GIVEN DATA:
━━━━━━━━━━━━━━━━

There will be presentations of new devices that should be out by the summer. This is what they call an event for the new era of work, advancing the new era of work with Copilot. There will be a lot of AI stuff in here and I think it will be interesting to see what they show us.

━━━━━━━━━━━━━━━━

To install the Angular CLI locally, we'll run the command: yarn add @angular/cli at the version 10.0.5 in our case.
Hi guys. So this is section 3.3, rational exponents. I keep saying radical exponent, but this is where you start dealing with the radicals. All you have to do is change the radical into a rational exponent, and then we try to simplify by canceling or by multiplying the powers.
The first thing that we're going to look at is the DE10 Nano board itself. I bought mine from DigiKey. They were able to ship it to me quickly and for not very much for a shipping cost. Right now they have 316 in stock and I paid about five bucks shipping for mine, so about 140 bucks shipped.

━━━━━━━━━━━━━━━━

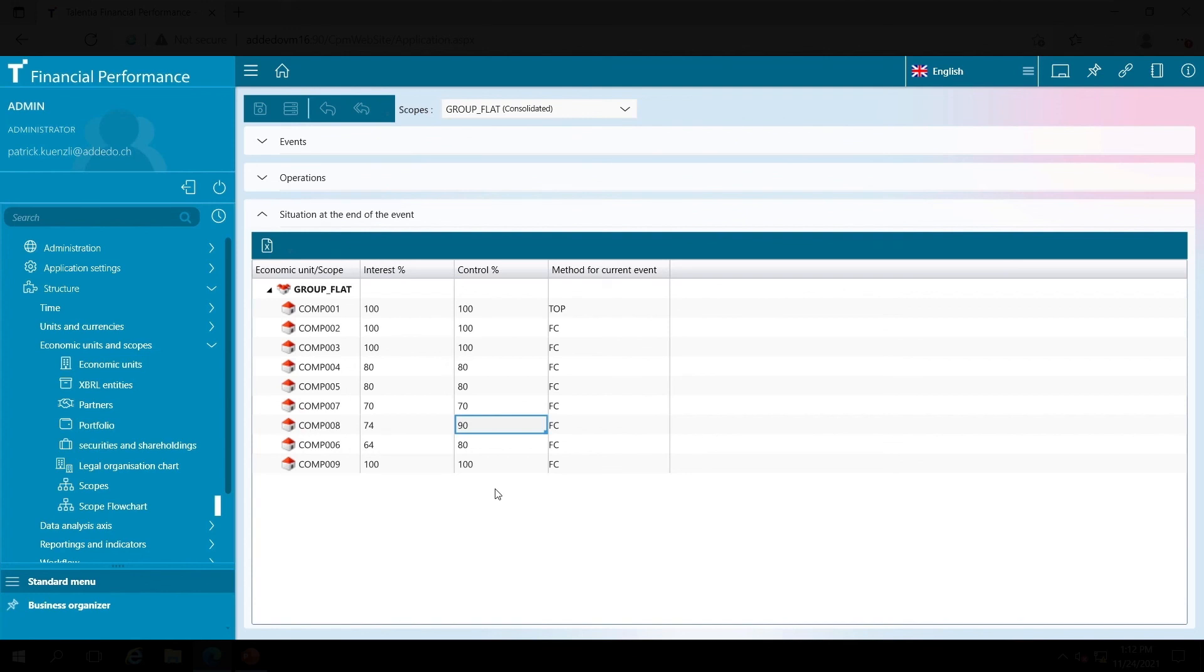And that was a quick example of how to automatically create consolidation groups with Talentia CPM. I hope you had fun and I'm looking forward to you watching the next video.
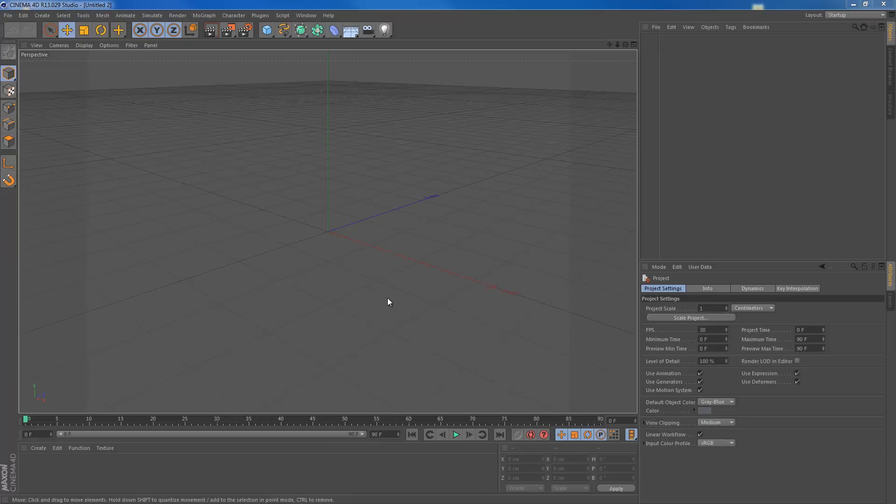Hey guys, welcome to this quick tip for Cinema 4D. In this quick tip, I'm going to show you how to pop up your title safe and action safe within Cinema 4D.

━━━━━━━━━━━━━━━━

THE TASK:
Which lines of the records above contain the word "have"? Report each one in full.

COMPLETED EXERCISE:
Hi guys. So this is section 3.3, rational exponents. I keep saying radical exponent, but this is where you start dealing with the radicals. All you have to do is change the radical into a rational exponent, and then we try to simplify by canceling or by multiplying the powers.
The first thing that we're going to look at is the DE10 Nano board itself. I bought mine from DigiKey. They were able to ship it to me quickly and for not very much for a shipping cost. Right now they have 316 in stock and I paid about five bucks shipping for mine, so about 140 bucks shipped.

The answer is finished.